Reproduce only the lines from the line containing "Standar Layanan Pengambilan Ijazah" to the end of the entries below, including both of those lines.

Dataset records
+++

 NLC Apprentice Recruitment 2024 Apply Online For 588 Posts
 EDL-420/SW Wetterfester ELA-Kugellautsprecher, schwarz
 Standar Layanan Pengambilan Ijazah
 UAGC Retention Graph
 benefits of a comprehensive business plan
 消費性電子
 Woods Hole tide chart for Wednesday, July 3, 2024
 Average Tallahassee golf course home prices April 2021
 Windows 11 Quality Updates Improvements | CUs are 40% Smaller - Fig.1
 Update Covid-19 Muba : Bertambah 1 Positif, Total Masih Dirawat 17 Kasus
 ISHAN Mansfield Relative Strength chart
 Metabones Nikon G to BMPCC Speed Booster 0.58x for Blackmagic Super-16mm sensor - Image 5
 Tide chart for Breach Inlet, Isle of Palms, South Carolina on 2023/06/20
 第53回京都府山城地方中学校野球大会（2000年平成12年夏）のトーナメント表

+++

Answer box:
 Standar Layanan Pengambilan Ijazah
 UAGC Retention Graph
 benefits of a comprehensive business plan
 消費性電子
 Woods Hole tide chart for Wednesday, July 3, 2024
 Average Tallahassee golf course home prices April 2021
 Windows 11 Quality Updates Improvements | CUs are 40% Smaller - Fig.1
 Update Covid-19 Muba : Bertambah 1 Positif, Total Masih Dirawat 17 Kasus
 ISHAN Mansfield Relative Strength chart
 Metabones Nikon G to BMPCC Speed Booster 0.58x for Blackmagic Super-16mm sensor - Image 5
 Tide chart for Breach Inlet, Isle of Palms, South Carolina on 2023/06/20
 第53回京都府山城地方中学校野球大会（2000年平成12年夏）のトーナメント表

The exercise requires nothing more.